The 2000AD comics took many cues from this retro-futuristic film noir, especially the Robo-Hunter stories.

Why they want to remake, and likely ruin the original is beyond me. The script is apparently written and the film will have Scott at the helm directing and will star Harrison Ford as well!

Dystopia Score: 8/10

Technology & UI Score: 6/10

Rotten Tomatoes Score: 91%

(image source)

Minority Report: 2002

Minority Report Behance

Based on a 1956 short-story by Philip K Dick, yet again, see Blade Runner above.
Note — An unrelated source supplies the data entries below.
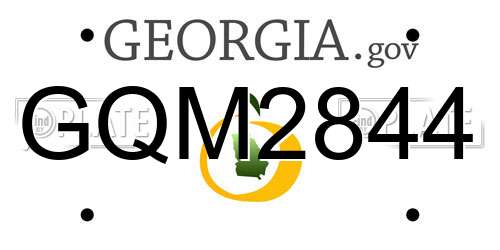GQM2844 Georgia License Plate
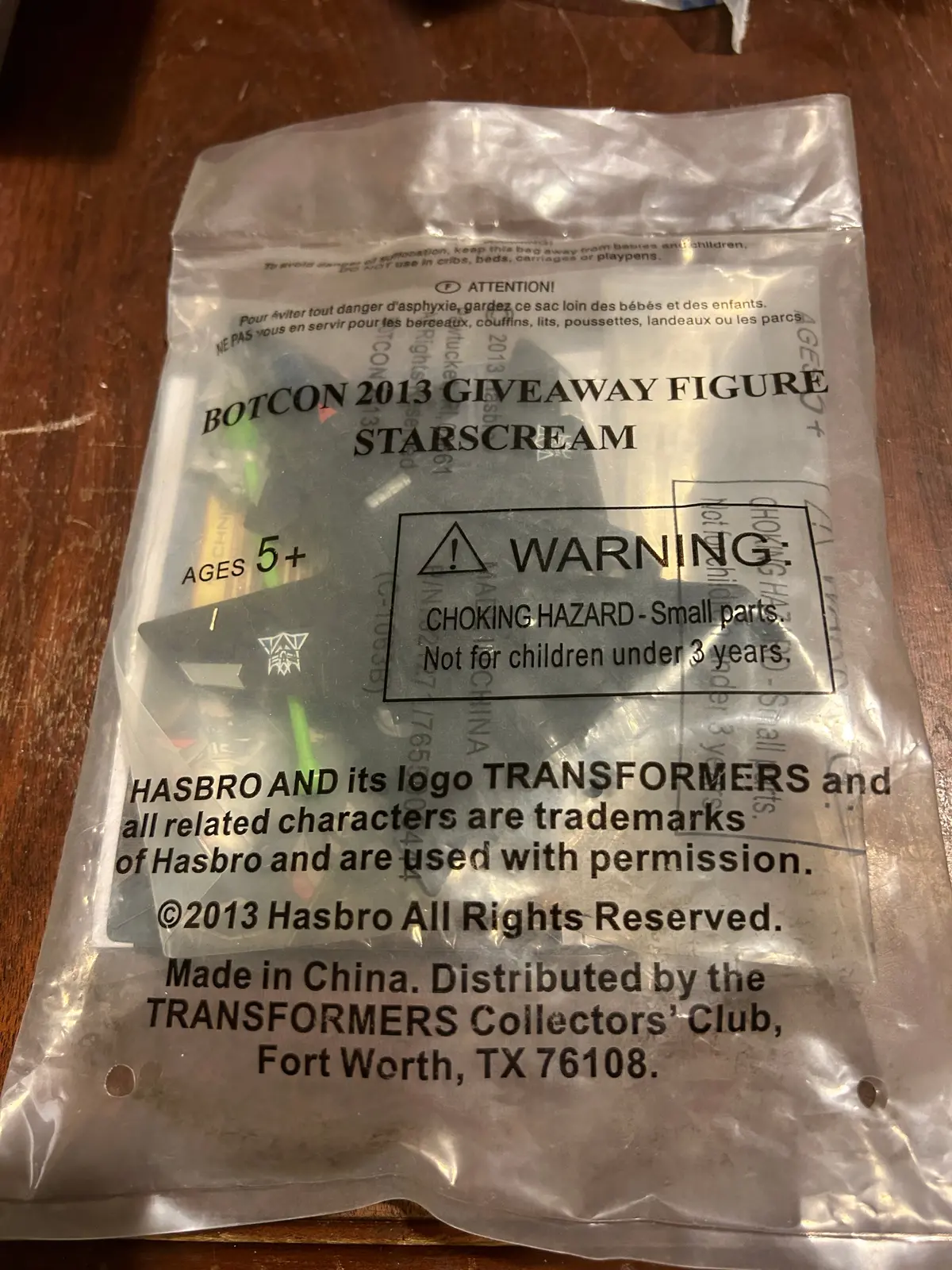 Tf Botcon  / Tfcc 2013 Exclusive Starscream Sealed 1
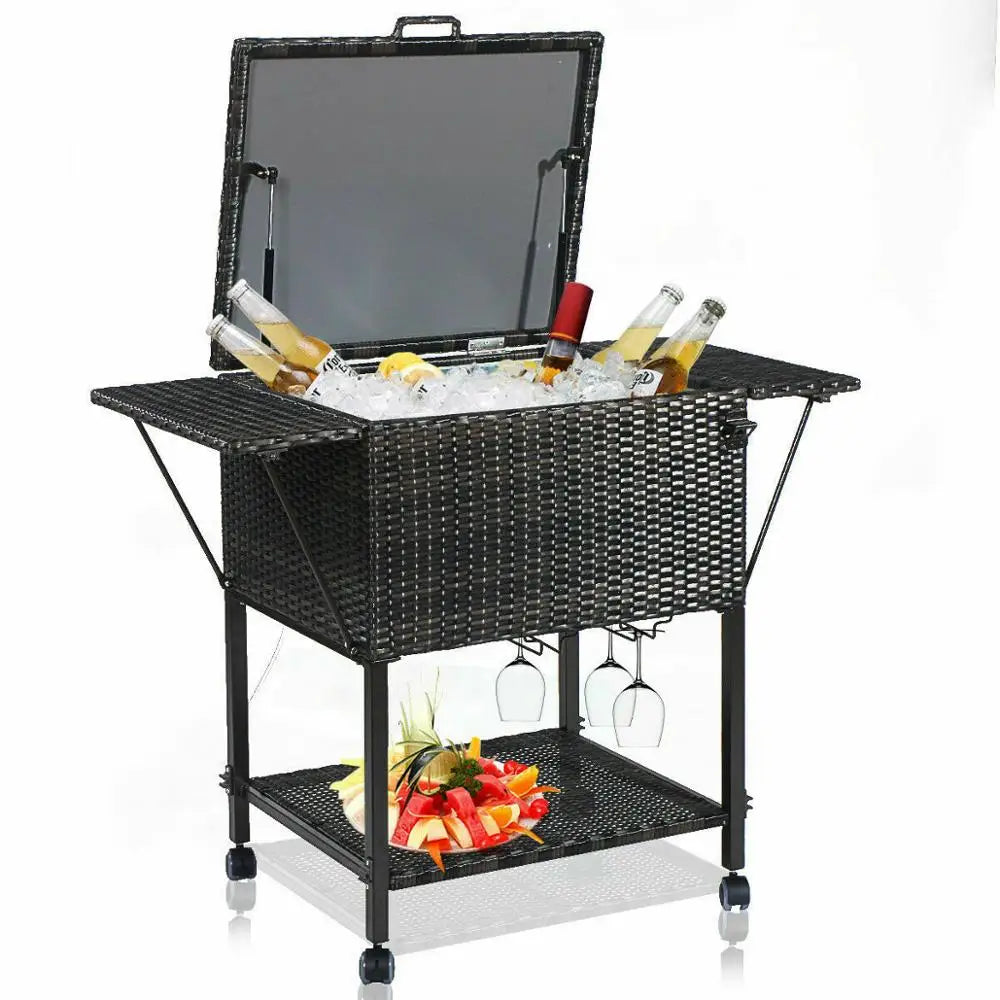 Outdoor Portable Cooler Cart Trolley Patio Pool Party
In 2054 a special pre-crime unit is set up to prevent murders, arresting the still innocent based on crimes yet to be committed.

Directed by Stephen Spielberg, and starring Tom Cruise, Colin Farrell, Samantha Morton, the living legend that is Max von Sydow and the hugely talented Peter Stormare, as an incredibly shady doctor!

Spielberg hired a team of futurists, including Joel Garreau, to devise the technologically advanced gadgets used in the movie. I love the idea of gesture based navigation of information, think XBox 360 or Nintendo Wii on steroids. Similar gesture based UI can also be seen in both the Iron Man and Avengers Assemble films.

The film also depicts highly personalised and intrusive advertising that bombards the main protagonist, L Ron Hubbard’s mate Com Truise, I mean Tom Cruise.

The illicit trade in eyeballs shows where biometric information might lead. We need look no further than passports and iPhones to see the use of biometric data today, with surely more to come.

Dystopia Score: 9/10

Technology & UI Score: 10/10

Rotten Tomatoes Score: 90%

(image source)

Her: 2013

Her Joaquin Phoenix On a Date

Written and directed by the enormously talented Spike Jonze and scored by Arcade Fire. Her is set in 2025 as a lovesick and withdrawn writer, Joaquin Phoenix, develops a relationship with an operating system (O.S.). The O.S. is played entirely off screen by Scarlett Johansson.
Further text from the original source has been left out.